Chakkrote Nongmanee, a Thai police lieutenant who inspected the site, said: "One of the soldiers was beheaded. His head was found 50 metres away from the scene of the attack."
The army was investigating reports that the convoy was also hit by a roadside bomb, he said.
Chakkrote said the initial investigation showed that about 20 suspected separatists were hiding behind a bush along the roadside.
Police found 10 weapons left in the area, including eight M16 assault rifles, a submachine gun and a pistol, he said.
Surayud Chulanont, the Thai prime minister, said Monday's incident was a routine ambush with an unusually high number of victims.
"This kind of clash can happen any time.

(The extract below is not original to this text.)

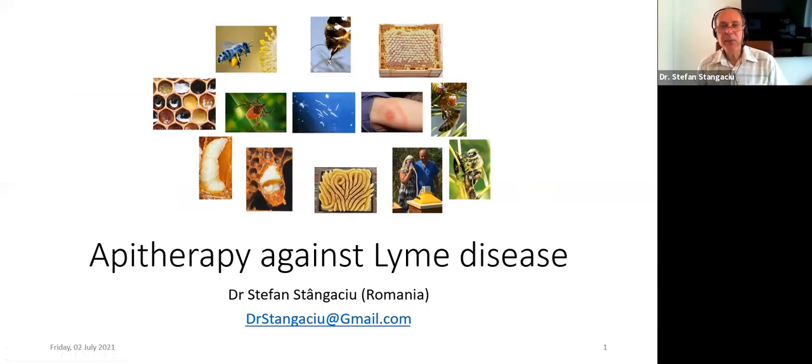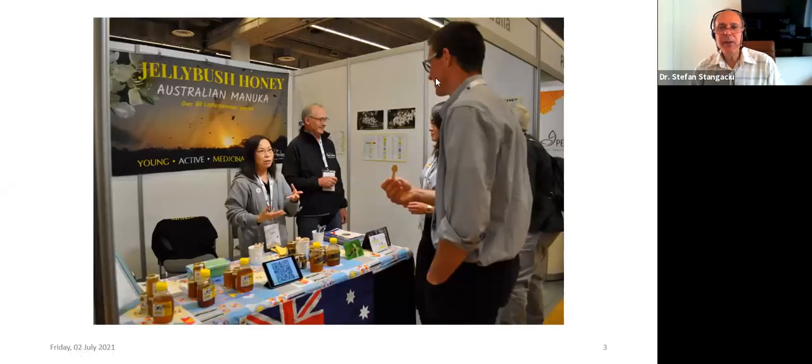We have the conference on API therapy against Lyme disease. We have the bee products around these bad things — here we have the tick, here is borrelia, and here is one of the manifestations after infection: the so-called red bull's-eye. I myself have experienced this reaction after being bitten by a tick. I also got borrelia, but I succeeded to go through without any problem, and one of the methods was to put these things like north, south, east, west around the red bull's-eye and also to put a lot of propolis.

It is not a serious escalation" of the conflict, he said.
"Authorities will have to investigate and not allow it to happen again."
The attack was the deadliest incident in the region since June 2007, when seven soldiers were killed in a similar ambush of a security team protecting teachers.
The ambush came about one hour after a roadside bomb targeted another convoy of eight soldiers protecting teachers in neighbouring Yala province, local police said.
Decades of conflict
The southern part of Thailand was an autonomous Malay Muslim sultanate until Buddhist Thailand annexed it in 1902, provoking decades of animosity towards the state.
More than 90 per cent of Thailand's 65 million people are Buddhist, and many of the country's Muslims have long complained of being treated as second-class citizens.
More than 2,800 people have been killed since fighting began in January 2004.
Attacks have grown increasingly brutal in recent months, with victims beheaded, mutilated and even crucified in what analysts say is an attempt to spark a backlash and create divisions between Buddhists and Muslims.